\\ TERCEIRO SINAL
Tanto que aconteceu, que foi dito, pensado, tão pouco que foi registrado
Por Bruno Pernambuco
Tanto que aconteceu, que foi dito, pensado, tão pouco que foi registrado. Tanto que passou no espaço não mais que daqueles meros minutos, segundos, instantes absolutamente subtraídos, mas eram mais, eram muitos tempos em simultâneo; não um agora único, mas também um outro ansioso, que se adiantava, e também outro que não queria ir, preferia agarrar-se ao passado e às suas mãos firmes. Cada um que sabe qual a segurança e qual a ousadia que ama, até onde se arrisca e até onde fica- claro, ah, clareza oblíqua que brotava daquele dia. Cada saudade tem um nome, mesmo uma delas não é a mesma, sente-se saudade de muitas coisas ao mesmo tempo, ou então a saudade de um olhar, a saudade da graça, da gentileza que um dia se viu no gesto mínimo de alguém que no fundo no fundo se despreza, não deixam de dizer muitas coisas ao mesmo tempo; a saudade dos dedos caminhando pela pele, a saudade de uma lembrança, de uma invenção, de um sonho.

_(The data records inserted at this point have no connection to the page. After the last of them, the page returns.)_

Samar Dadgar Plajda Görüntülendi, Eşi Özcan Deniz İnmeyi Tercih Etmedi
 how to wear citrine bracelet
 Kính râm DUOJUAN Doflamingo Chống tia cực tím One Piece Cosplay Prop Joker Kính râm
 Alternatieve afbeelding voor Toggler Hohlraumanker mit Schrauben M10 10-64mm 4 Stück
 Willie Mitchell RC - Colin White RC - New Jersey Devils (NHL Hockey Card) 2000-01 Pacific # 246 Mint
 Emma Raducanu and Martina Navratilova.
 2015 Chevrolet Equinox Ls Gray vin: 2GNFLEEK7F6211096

Não são nada impensadas as palavras, pensou, em sua rima tão exata. Não há de ser impensada nenhuma ordem que chega de El-Rei, não há de ser com indefinição, não feita sem serem levados em conta aqueles mínimos pormenores da vida na outra terra. Mi Manchi, agora, tamanha simplicidade que acordava a mente, acordava o coração, em sua obviedade, Mi Manchi como no francês, tu me manques, havia de ter restado ao português essa definição da saudade, tu me mancas, agora me pesa mais o lado onde está o coração e ele não caminha na mesma liberdade, em mim a lembrança cresceu e tornou-se seu próprio membro, enquanto caminho no presente algo de mim quer caminhar no passado. Do outro lado do dia, depois da janela suja, depois da tela, foi esse minúsculo encontro que restou no horizonte, sabia que ela também não tem nome, que ela também é ninguém. Era mesmo um dia de clarezas estranhas, tudo emaranhado, indecifrado, era só nalguma coisa, era naquela mínima agulha que caía atravessando a alma, naquele gole frio que o enchia de bolor frio, naquele rio, na flor nova, mesmo que feia, que germina após a terra arrasada, naquela pequena das pequenas lembranças que começava a decantar em água que restava algo a dizer. Indecifra-me. Conhece-me. Manca-me. Subitamente era uma visita profundamente estranha, de ter falado aquilo que estava pra ser. Olhou-se no espelho assustado, percebendo que dizia tudo aquele reflexo, estava ali, e era daquele exato jeito que era, aquela imagem havia sido entregue, feito o ingresso confirmado na entrada para a grande final.
Afinal era tempo, mais uma vez eram tempos, expirava fundo, parecia um tranquilidade, talvez não deixassem de ser, à porta da sala estava ele, o Grande, pelo menos o que haviam dito. Homem alto, certamente, a barba comprida, aproximando-se do cinza, os cabelos longos. Os alunos diziam que várias vezes vinham em seu professor uma figura graciosa, cuja descrição iam buscar nos arcontes. Tudo isso sumia no instante, feito o final da trilha do incenso. O ar tão denso, de onde se poderia alguém agarrar o canto daquele passarinho, atirar e vê-lo passando, não anunciava outra coisa que aquela vinda. Passaram-se as flores, mas chega a primavera, mais acolhida quando ninguém há a lhe esperar. Há certos momentos em que é quase natural falar com uma garbosidade, ou com um pedantismo, maior que o necessário- isso é dessas coisas que se descobre subitamente, e rindo. Talvez Camões soubesse algo a respeito disso ao escrever “mais anos serviria/ se não fora, para tão longo amor, tão curta a vida”.